Serventia Notarial e Registral de Dilermando de Aguiar
RUA RIO BRANCO, 351, centro - Dilermando de Aguiar / RS CEP: 97180000
O cartório Serventia Notarial e Registral de Dilermando de Aguiar, situado na Rua Rio Branco, 351, centro, Dilermando de Aguiar-RS, nasceu em 1888, um ano que marcou a fundação da cidade e o início de sua história. A cidade, então, era um pequeno povoado, com a economia baseada na agricultura e na pecuária, e a necessidade de registrar transferências de propriedade, testamentos e outros documentos legais crescia rapidamente. Inicialmente, o cartório era um pequeno estabelecimento, operado por um único tabelião, o Sr. José Ferreira, que, com a ajuda de seus dois filhos, dedicou-se a registrar as transferências de terras e propriedades da região. A tradição de Dilermando de Aguiar era marcada pela forte ligação com a terra e pela importância da família no desenvolvimento da cidade, e o cartório, nesse contexto, se tornou um pilar fundamental para a organização e segurança jurídica da comunidade.

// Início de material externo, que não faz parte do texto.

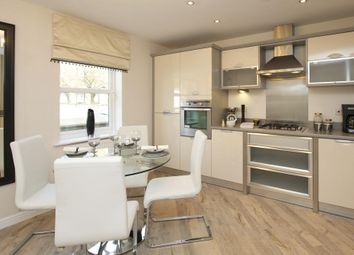 Thumbnail 2 bed flat for sale in "Cormorant" at Park Road, Aberdeen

Em 1905, o cartório passou por uma importante transformação, quando o Sr. Antônio Silva, um advogado renomado da região, assumiu a direção. Sua visão e experiência foram cruciais para o crescimento do cartório, que se expandiu para incluir o registro de documentos de pessoas naturais, como nascimentos, casamentos e óbitos. A partir da década de 1920, o cartório se consolidou como um centro de referência para a população local, atendendo a uma crescente demanda por serviços de registro civil. As famílias da região, como a família dos Martins, que se estabeleceram em Dilermando de Aguiar, e a família dos Costa, que se dedicavam à produção de café, foram extensivamente atendidas pelo cartório, que registrava seus atos e garantia a segurança jurídica de seus negócios.
Ao longo das décadas seguintes, o Serventia Notarial e Registral de Dilermando de Aguiar se tornou um símbolo da comunidade, um local de confiança e segurança jurídica. A cidade, que em 1950 contava com cerca de 5.000 habitantes, passou a ser conhecida como "Cidade da Tranquilidade", devido à sua estabilidade jurídica e à segurança que o cartório proporcionava. Aos poucos, o cartório se tornou um ponto de encontro para os moradores, onde se realizavam reuniões, consultas e a realização de eventos comunitários. Apesar de ter se expandido para atender a uma população ainda maior, o cartório manteve sua essência, sempre priorizando a atenção e o cuidado com cada cliente.